Requirement - Please give back only the lines below from the one containing "We are going to propagate" to the one containing "We would then", each repeated word for word, both ends included.

Listed entries -
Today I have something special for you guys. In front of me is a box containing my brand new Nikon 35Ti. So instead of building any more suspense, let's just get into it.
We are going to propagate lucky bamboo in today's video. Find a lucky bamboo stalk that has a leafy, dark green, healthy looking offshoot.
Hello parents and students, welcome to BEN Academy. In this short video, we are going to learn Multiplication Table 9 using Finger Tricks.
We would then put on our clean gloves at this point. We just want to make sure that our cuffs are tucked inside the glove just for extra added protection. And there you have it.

==

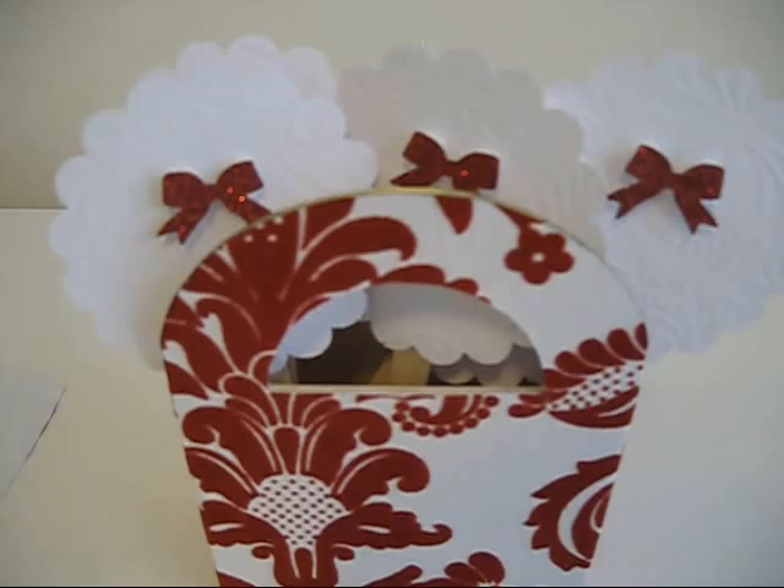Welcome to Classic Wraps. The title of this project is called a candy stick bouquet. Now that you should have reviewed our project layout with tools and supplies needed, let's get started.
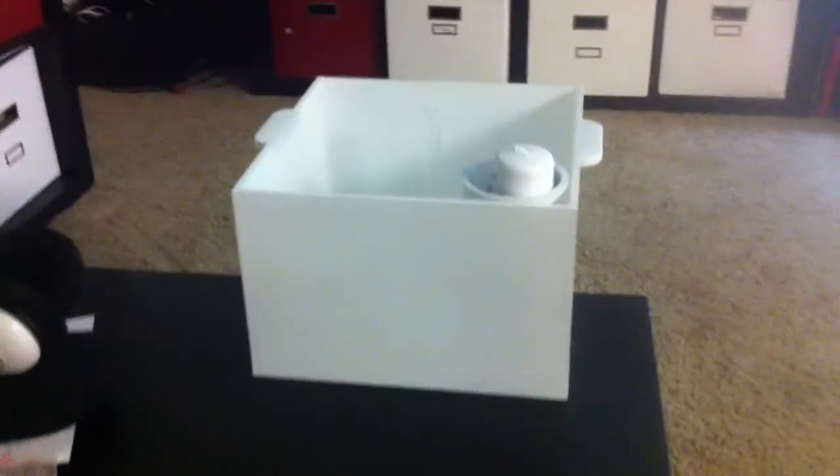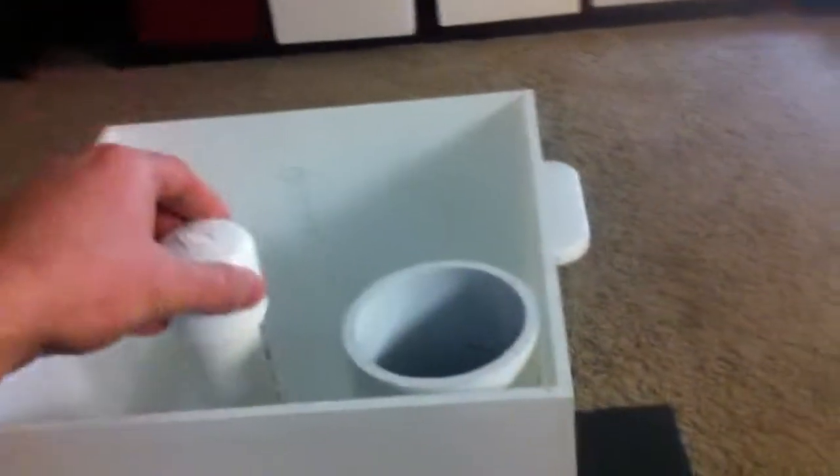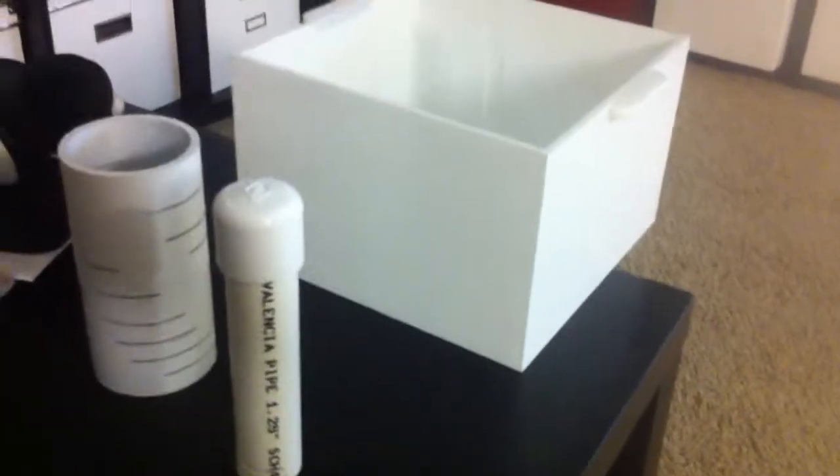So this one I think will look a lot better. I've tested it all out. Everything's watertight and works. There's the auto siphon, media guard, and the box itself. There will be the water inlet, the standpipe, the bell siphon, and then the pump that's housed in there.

* * *

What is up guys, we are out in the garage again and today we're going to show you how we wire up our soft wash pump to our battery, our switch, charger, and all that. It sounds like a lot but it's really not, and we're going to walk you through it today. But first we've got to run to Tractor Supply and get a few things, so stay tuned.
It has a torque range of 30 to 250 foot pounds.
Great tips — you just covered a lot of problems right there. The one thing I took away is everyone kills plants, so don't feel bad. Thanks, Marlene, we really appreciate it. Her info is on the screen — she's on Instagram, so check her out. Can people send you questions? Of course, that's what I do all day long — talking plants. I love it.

Answer for this exercise -
We are going to propagate lucky bamboo in today's video. Find a lucky bamboo stalk that has a leafy, dark green, healthy looking offshoot.
Hello parents and students, welcome to BEN Academy. In this short video, we are going to learn Multiplication Table 9 using Finger Tricks.
We would then put on our clean gloves at this point. We just want to make sure that our cuffs are tucked inside the glove just for extra added protection. And there you have it.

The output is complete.